* EXERCISE DETAILS
With the pictures removed, write out the data below exactly.

╔══

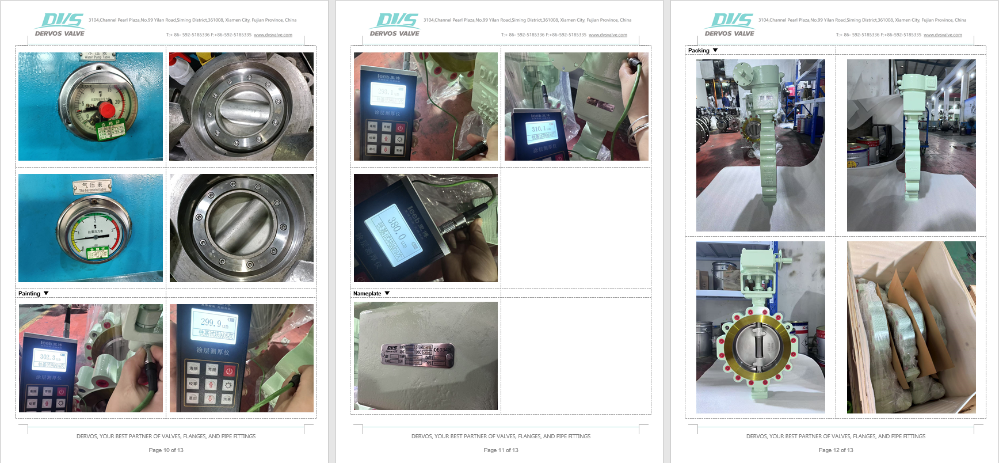 Butterfly Valve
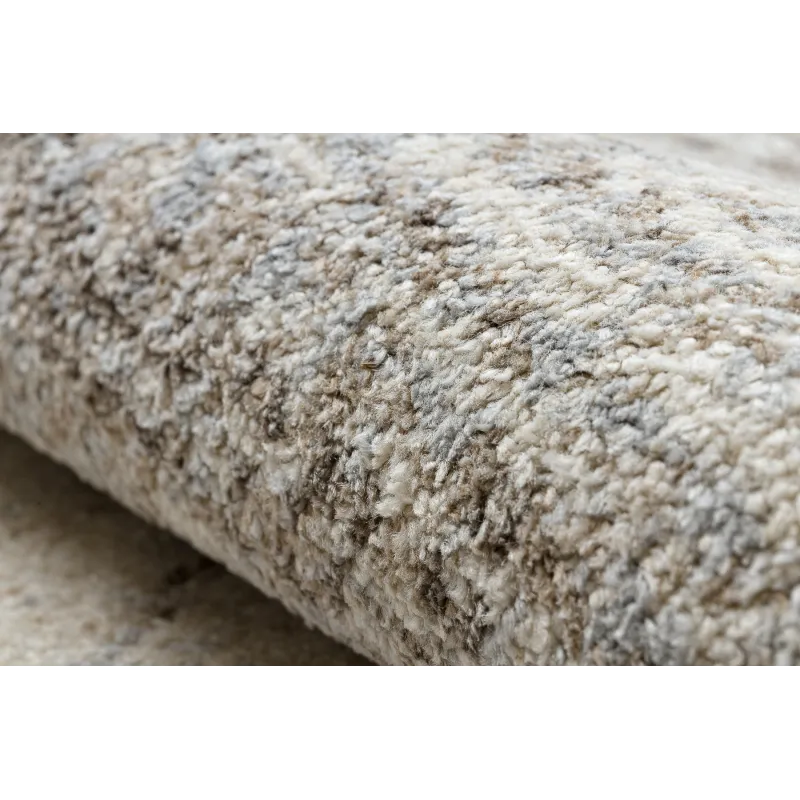 Covor FUSION 7156 Crem, adăugare excelentă în dormitor sau living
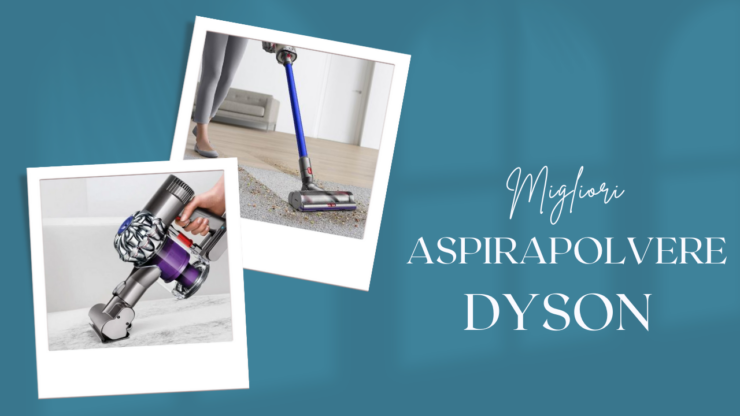 Aspirapolvere Dyson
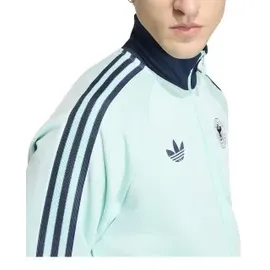 adidas Deutschland Jacke 2026 türkis Herren Gr. XXL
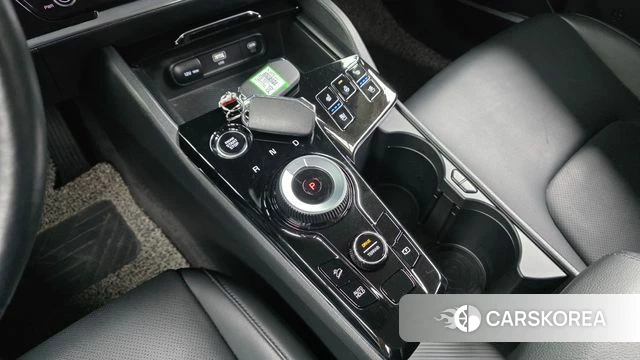 Kia Sportage 5th Generation Hybrid id 5011651 из Кореи 28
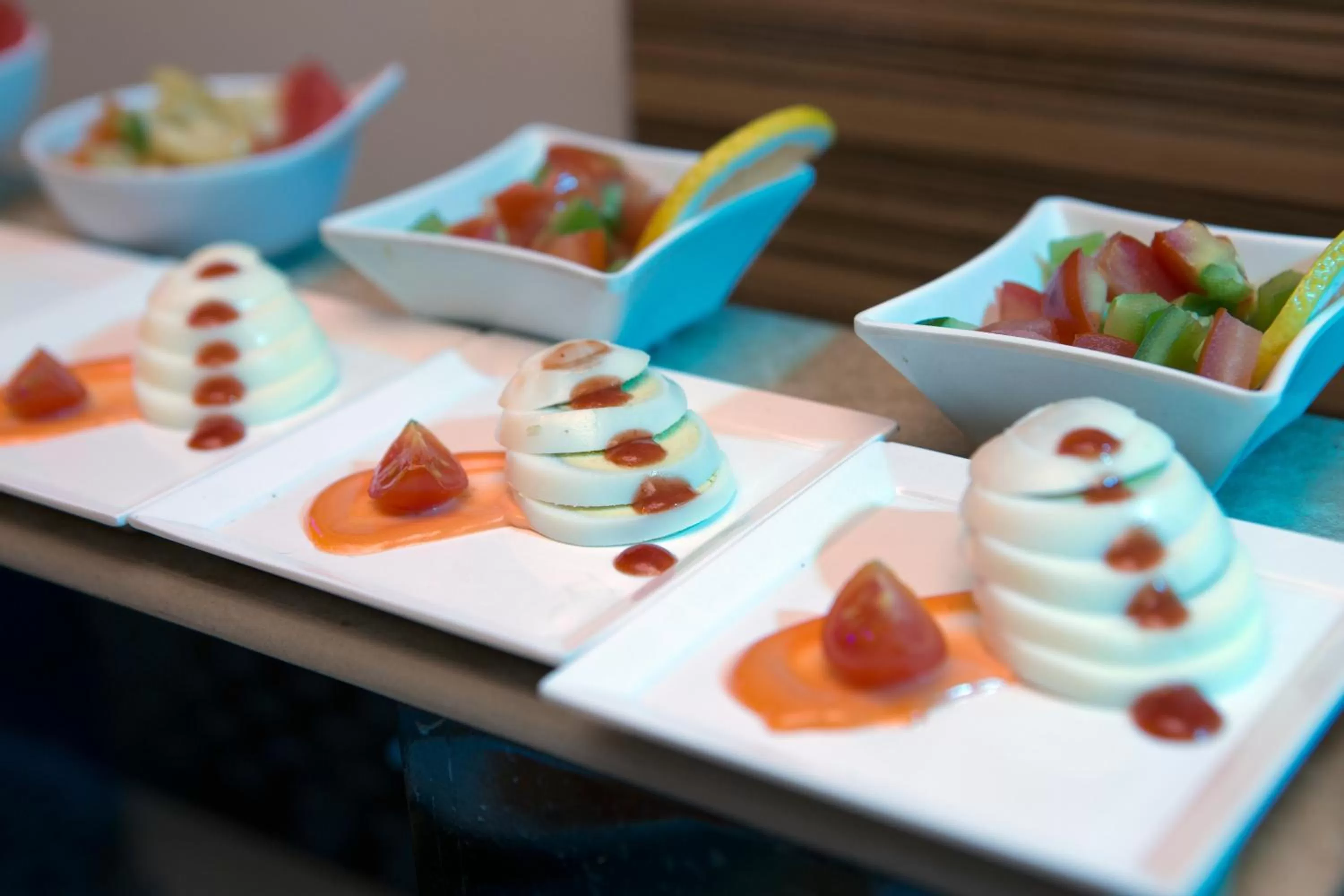 Food and drinks in Best Western Plus Pearl Creek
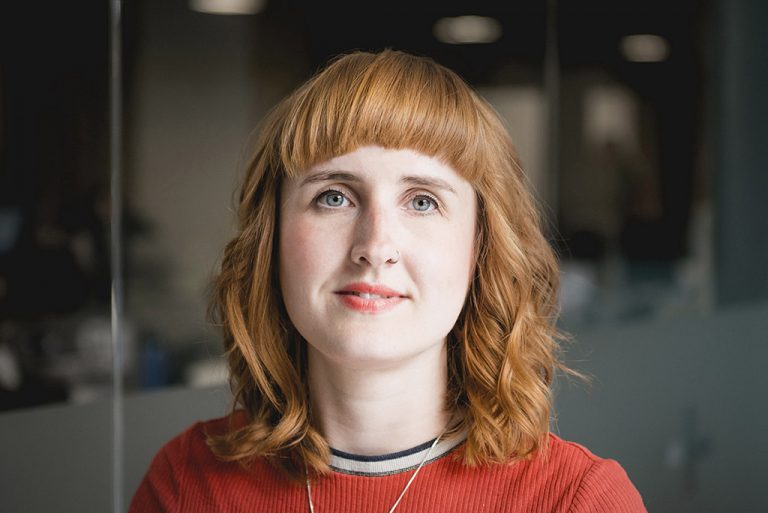 Kirsty Grafton, Designer at Born and Raised
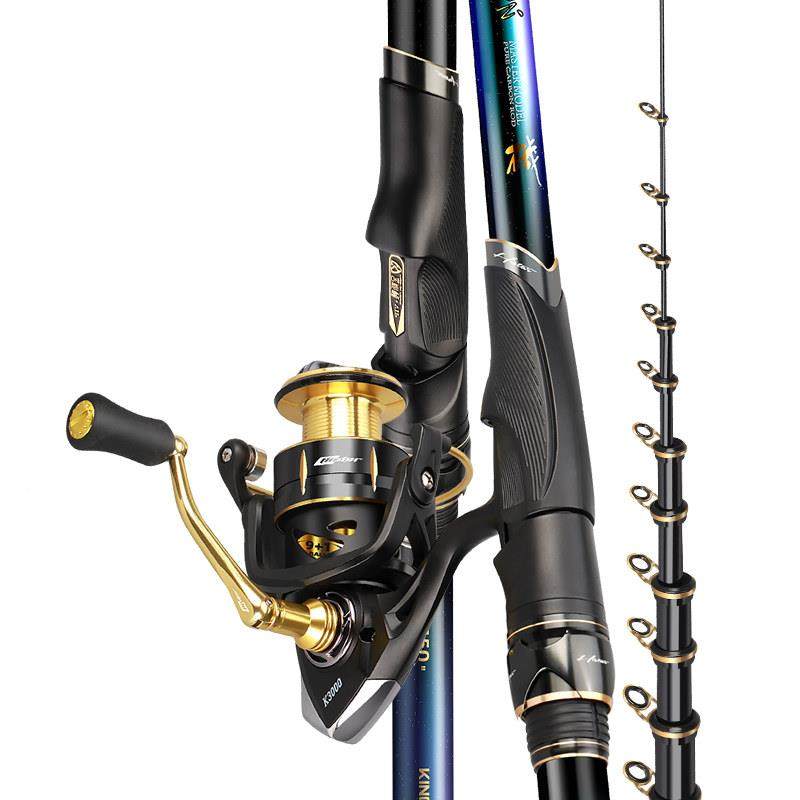 竿HSD-LYJD全滑漂远投超大矶导环海钓竿超硬钓竿矶碳素软尾矶钓杆,户外/登山/野营/旅行用品,矶钓竿,淘宝优惠券,粉丝福利购,淘宝优惠卷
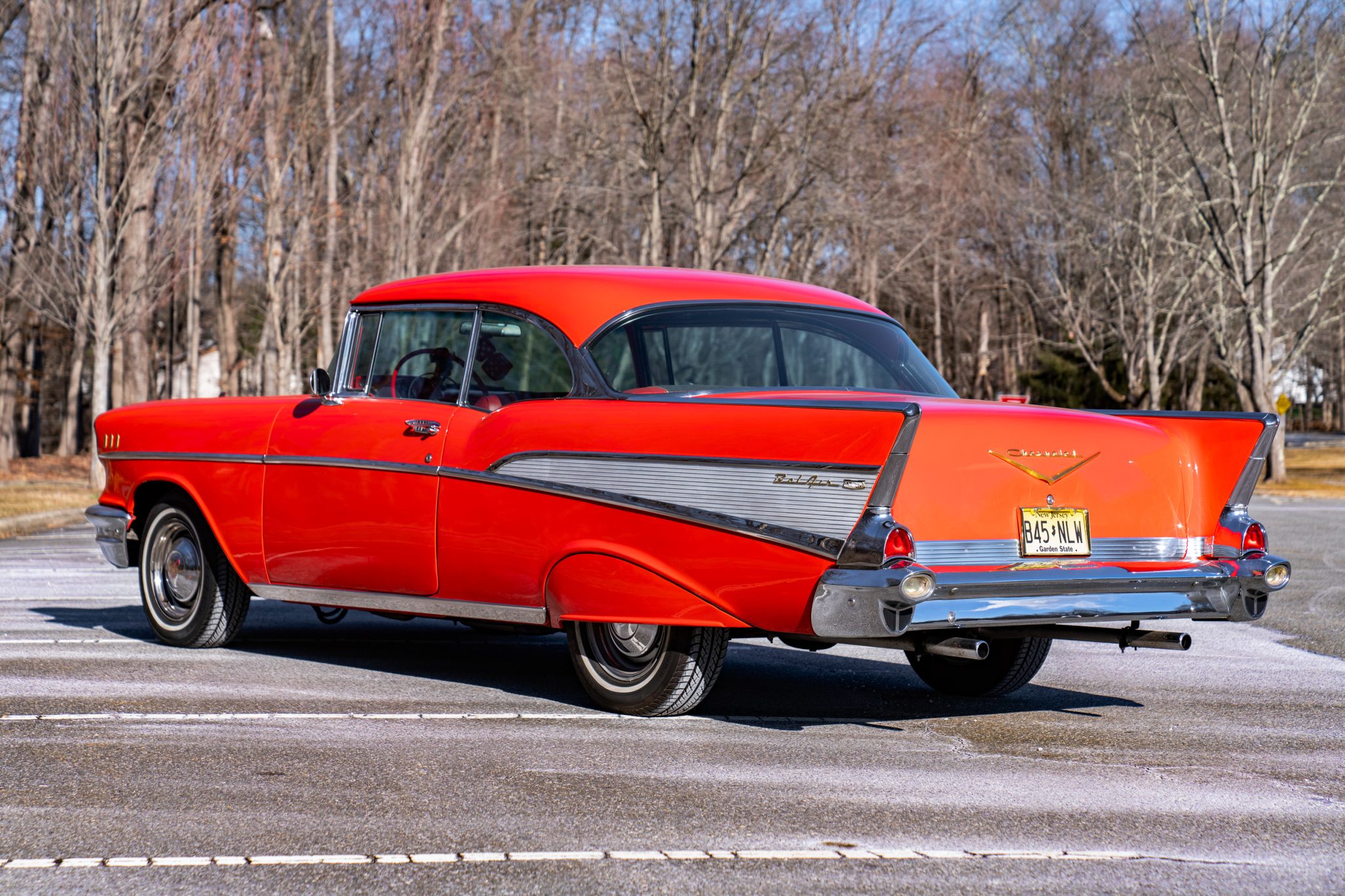 1957 Chevrolet Bel Air 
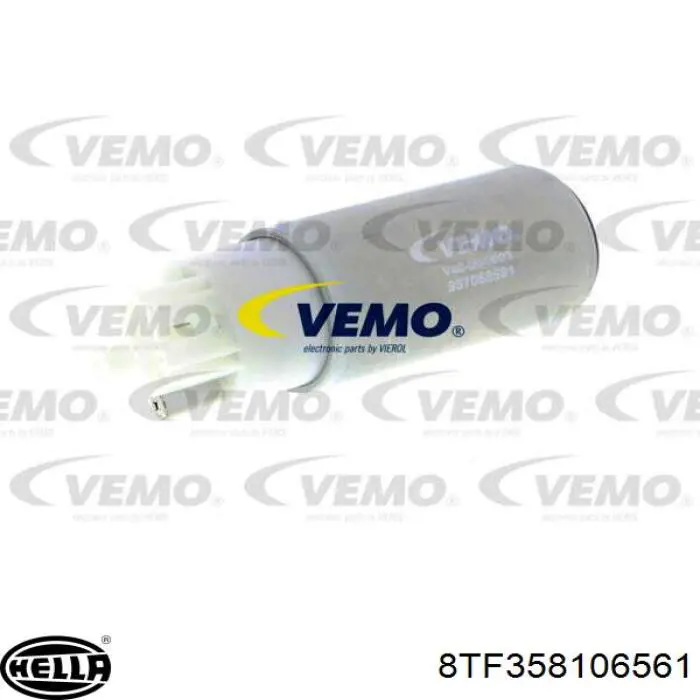 Do koszyka 993762061 Continental/Siemens Pompa paliwa elektryczna zanurzeniowa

╚══

* EXPECTED OUTPUT
 Butterfly Valve
 Covor FUSION 7156 Crem, adăugare excelentă în dormitor sau living
 Aspirapolvere Dyson
 adidas Deutschland Jacke 2026 türkis Herren Gr. XXL
 Kia Sportage 5th Generation Hybrid id 5011651 из Кореи 28
 Food and drinks in Best Western Plus Pearl Creek
 Kirsty Grafton, Designer at Born and Raised
 竿HSD-LYJD全滑漂远投超大矶导环海钓竿超硬钓竿矶碳素软尾矶钓杆,户外/登山/野营/旅行用品,矶钓竿,淘宝优惠券,粉丝福利购,淘宝优惠卷
 1957 Chevrolet Bel Air 
 Do koszyka 993762061 Continental/Siemens Pompa paliwa elektryczna zanurzeniowa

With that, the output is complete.